Catastrophic Health Insurance

By | April 19, 2011

Another way to look at high deductible insurance plans is by thinking of them as catastrophic health insurance. The concept behind the catastrophic health insurance plan is the same as your car insurance.

Let’s say you had a flat tire, the insurance company is not going to cover the costs of a new tire and labor. However, if you get into an accident the insurance company will pay for the repairs to your car.

A catastrophic health insurance plan works the same way. Instead of forking over the bill to the health insurance companies for every doctor visit. You would pay for the doctor visits out of pocket for those very minor aches and pains.

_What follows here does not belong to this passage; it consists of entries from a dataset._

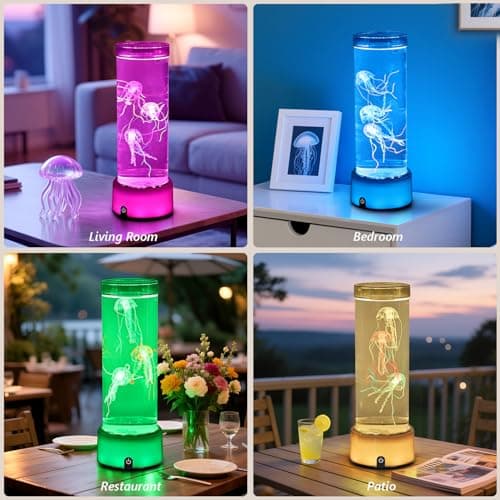LKUA LED Large-Sized Dreamy Jellyfish lamp, Luminous Base with Bright RGB Color Changing Effect, Home and Office Decorative Atmosphere lamp, Children's Gift (Square Bottom) - Thumbnail 2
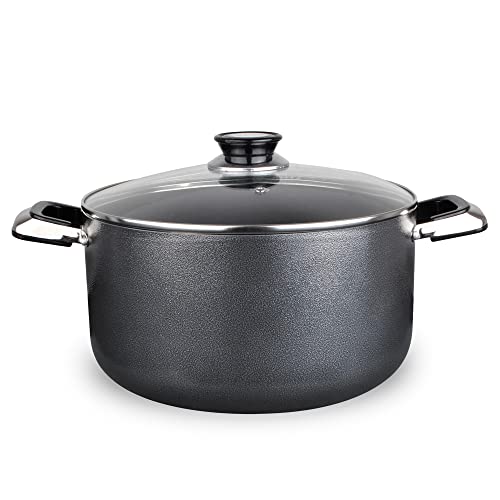 Alpine Cuisine 8.5 Quart Non-stick Stock Pot with Tempered Glass Lid and  Carrying Handles, Multi-Purpose Cookware Aluminum Dutch Oven for Braising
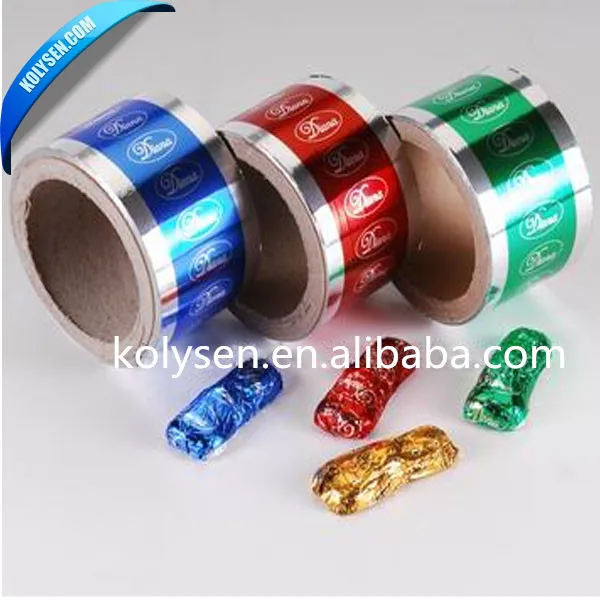 colored and printed aluminum foil for chocolate packing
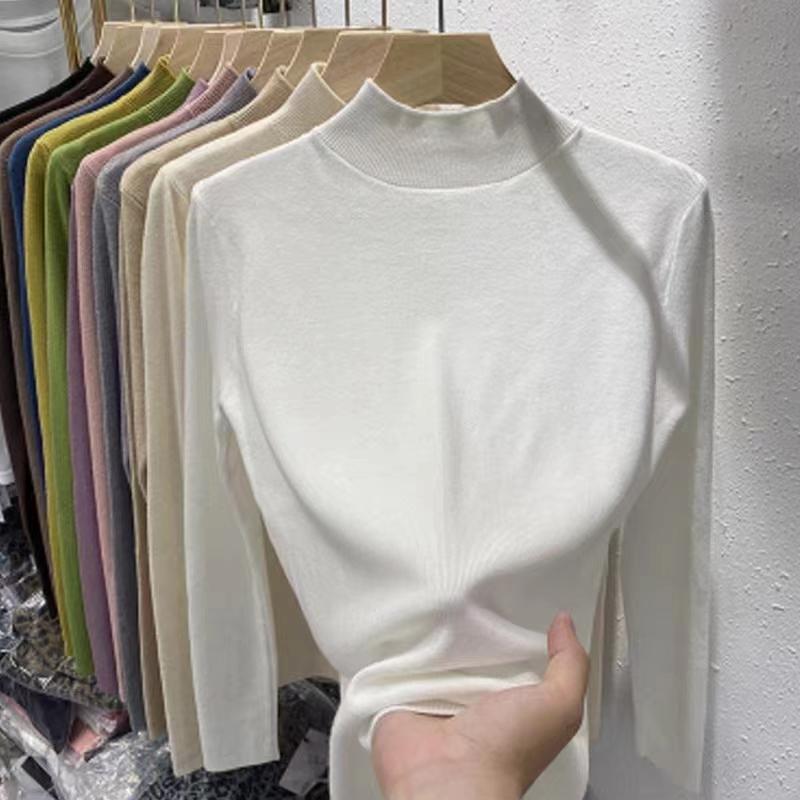 Autumn and Winter Half High Neck Base Sweater Women's Sweater Slim Fit Long Sleeve Knitted Sweaters Women Tops Fashion Casual Slim Fit Pullovers 25674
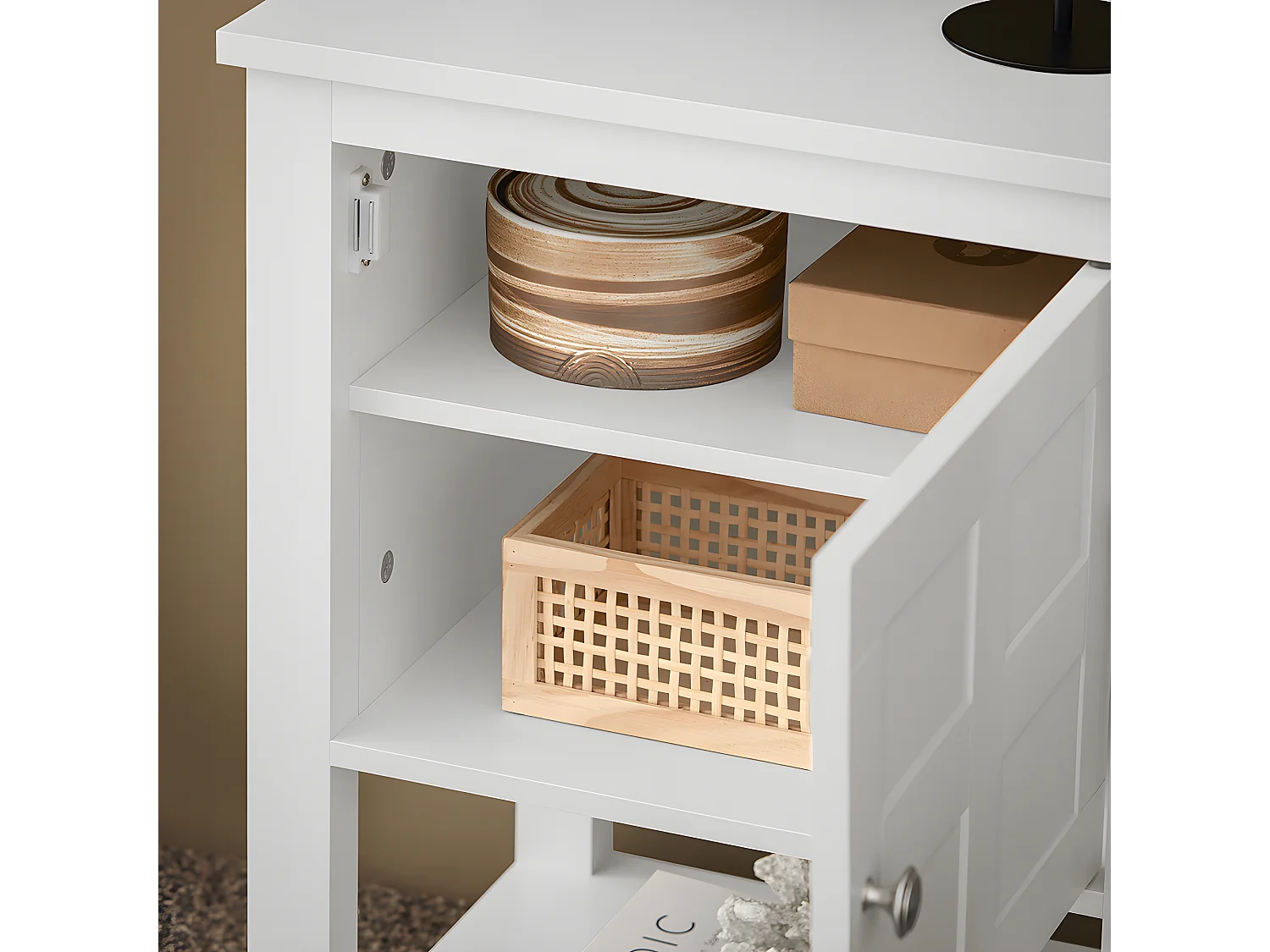 Mesita de Noche con 1 Puerta y 1 Estante Mesa Auxiliar Mesita para Salón Comedor Dormitorio 45 x 35 x 60 cm Blanco FBT113-W SoBuy ES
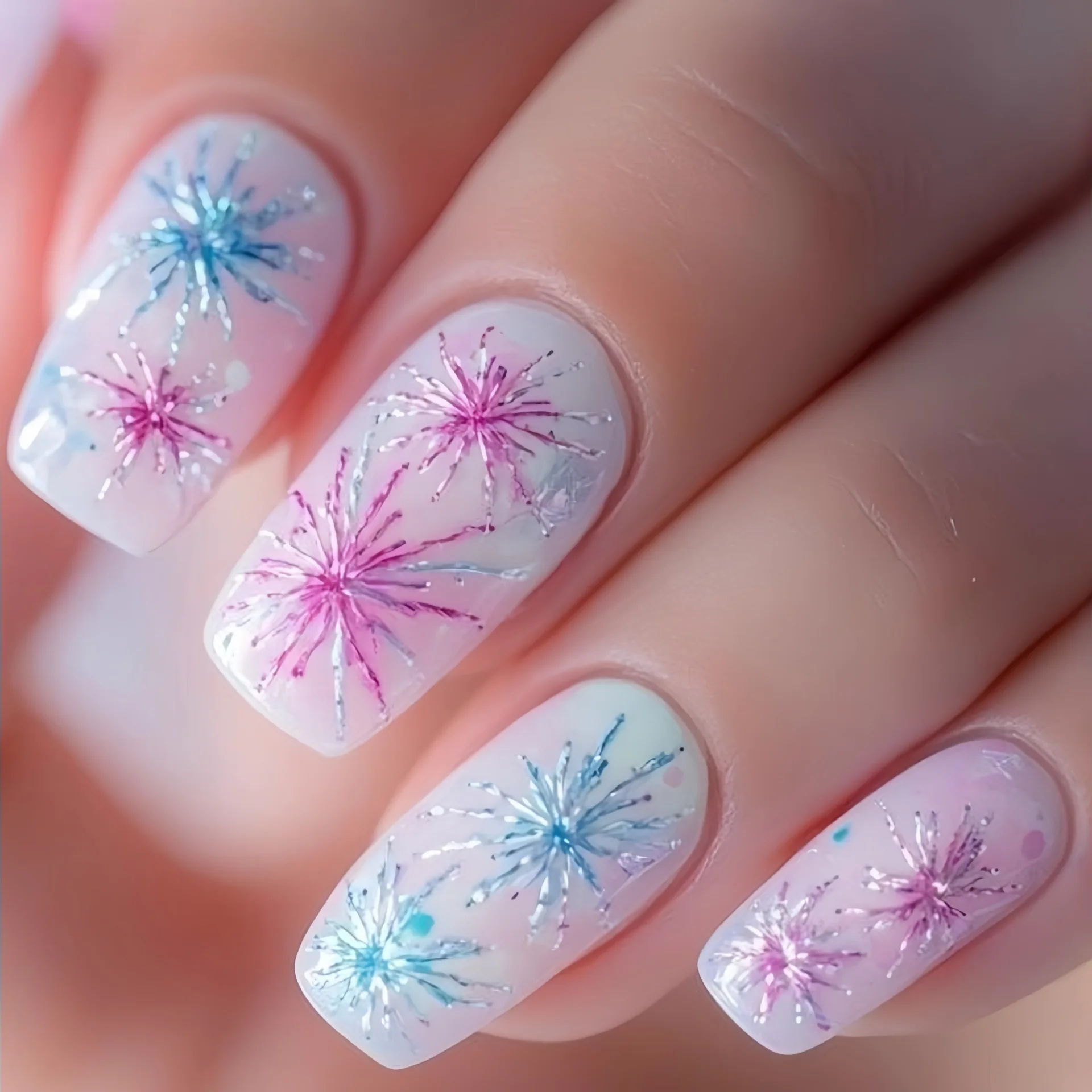 Medium Square fake nails for women girls gradient pink purple blue firework design for New year french tips press on false nail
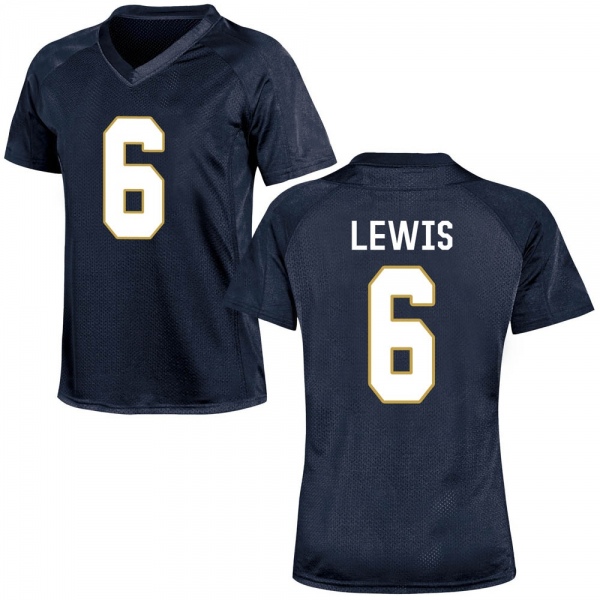 Clarence Lewis Notre Dame Fighting Irish NCAA Women's #6 Navy Blue Game College Stitched Football Jersey RAE5255ST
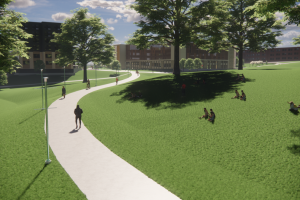 A rendering showing green space and a walkway.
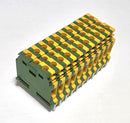 Entrelec M6/8P ( Lot of 11 ) Green / Yellow Ground Terminal Block - New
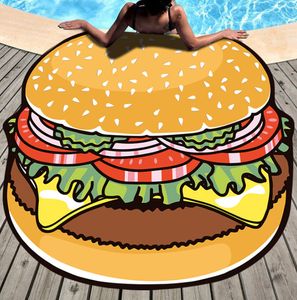 En son 150 cm yuvarlak baskılı plaj havlusu, hamburger pizza tarzı, mikrofiber, püsküller, yumuşak dokunuş, destek özel logo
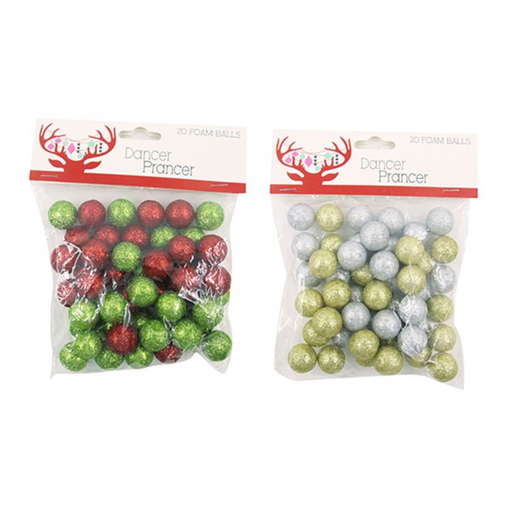 Ronis Glittered Foam Balls 20pc Assorted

For example, if you came down with the cold and wanted to get some prescription medication from your doctor, with a catastrophic health insurance plan you would be expected to pay the doctor’s visit and all-expense associated with that visit out of pocket.

Now let’s say you wake up one morning and you feel a sharp pain and pointing pain in your stomach. Throughout the day the pain just keeps getting worse and worse, so you decide to visit the doctor. The doctor says that you have appendicitis and your appendix needs to be removed ASAP. Well without any type of health insurance the cost of surgery and one night stay at the hospital will cost your anywhere from $100,000 to $200,000. But if you had a catastrophic health insurance plan your surgery costs would be covered after you have paid your deductible.

Why a catastrophic health insurance plan and not the traditional health insurance plans?

The reasoning behind a catastrophic health insurance plan is simple, lower, and affordable premiums.

A healthy 20-year-old male would expect to pay around $200 dollars a month for health insurance. The same male would expect to pay around $50 dollars a month for catastrophic health insurance.

Let’s run a quick scenario for this healthy male. This male wakes up one morning and is not feeling to well, he decides to visit the doctor. He goes to the doctor and pays his co-pay (assuming he has traditional health insurance) of $10.

For the rest of the year, this male visits the doctor maybe 3 more times. So adding up his health care costs minus the cost of medication for the year it comes out to 12×200 (for the premium) + 4×10 (for the co-pay each time)= $2440 a year.

Now let’s say this same male has catastrophic health insurance. An average visit to the doctor costs about $200 dollars out of pocket. So if this person had catastrophic health insurance then his health care costs for the year would amount to 4×200 (for the doctor visits paid out of pocket) + 12×50 (catastrophic health insurance premiums for the year) = $1400.

As you can see the catastrophic health insurance plan is a money saver. However, for people who visit the doctor often, they will find that the catastrophic health insurance plans are pricier than the traditional health insurance plans.

So, if you are a healthy person and know that you do not visit the doctor than often then a catastrophic health insurance plan is perfect for you.